Derek Chu, MD, PhD: Certainly. We designed our study to capture any acute illness including emergency surgery. In the study that you are referencing, which is approximately from year 2000 from the New England Journal of Medicine, it was suggested that in patients with elective open colorectal surgery there might be a decrease in surgical site infections. However, these data were not borne out by 2 larger trials called PROXI (Supplemental Oxygen and Complications After Abdominal Surgery) and ENIGMA-II (Nitrous Oxide Anaesthesia and Cardiac Morbidity After Major Surgery), and hence there is some controversy as to whether or not oxygen therapy is actually beneficial to decrease surgical site infections.
Roman Jaeschke: In elective surgical patients.
Derek Chu: In elective surgery especially.
But we studied emergency surgery in the IOTA (Improving Oxygen Therapy in Acute Illness) study.

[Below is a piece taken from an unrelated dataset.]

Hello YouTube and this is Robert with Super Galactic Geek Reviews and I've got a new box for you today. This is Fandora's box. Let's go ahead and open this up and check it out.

And although we found that in the overall analysis there was an increase in mortality without any subgroup differences, for infection specifically there was low-quality evidence suggesting that surgical patients may have a decreased number of infections whereas medical patients would have no difference in infections.
Roman Jaeschke: But both groups will have increased mortality.

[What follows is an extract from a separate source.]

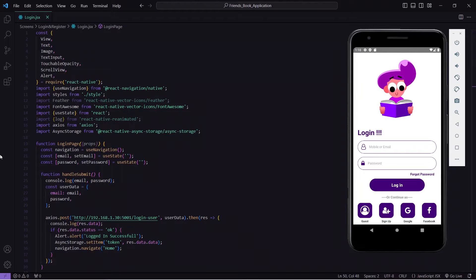Hello guys, welcome back to the Debug Ad in R. In this video I am going to implement a functionality through which when a user logs in to our React Native application they will be navigated to the home screen, and if the user restarts the application they should also be navigated directly to the home screen rather than going back to the login screen. So we are going to fix this.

Derek Chu: We did not find any subgroup differences suggesting that this may be the case. Importantly, the IOTA study highlights that there might be quite a bit of uncertainty in the balance of benefits and harms of oxygen therapy in emergency surgery especially. Hence, we would need a large randomized trial to address and clarify this issue.
Roman Jaeschke: You mentioned the word iota a few times. What does it stand for?

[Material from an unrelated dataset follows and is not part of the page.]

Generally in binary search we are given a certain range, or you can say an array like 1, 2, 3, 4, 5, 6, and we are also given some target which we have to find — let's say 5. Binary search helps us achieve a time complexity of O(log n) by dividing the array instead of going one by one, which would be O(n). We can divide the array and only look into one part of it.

Derek Chu: Iota means a small amount. The acronym IOTA means improving oxygen therapy in adults with acute illness.
Roman Jaeschke: You mentioned at some stage a relative increase in mortality. Could you translate it into an absolute increase? How many patients are affected by too much oxygen?
Derek Chu: First, I wanted to say that importantly we found a dose response between the change in the saturation of peripheral oxygen (SpO2) from baseline and the increase in the risk of mortality. Secondly, in terms of absolute risks, the risk is between approximately 1% and 1.5% increased in liberal oxygen therapy versus conservative therapy. This translates to a number needed to harm of approximately 70 to 90 patients for one excess death. To put that into context, for example, an average hospital may admit as few as 60 patients per day with acute illness.
Roman Jaeschke: And if your data are correct, at least one of them can be harmed considerably if we use liberal rather than conservative oxygen treatment.
Derek Chu: Precisely.
Roman Jaeschke: Thank you very much. It is an important message.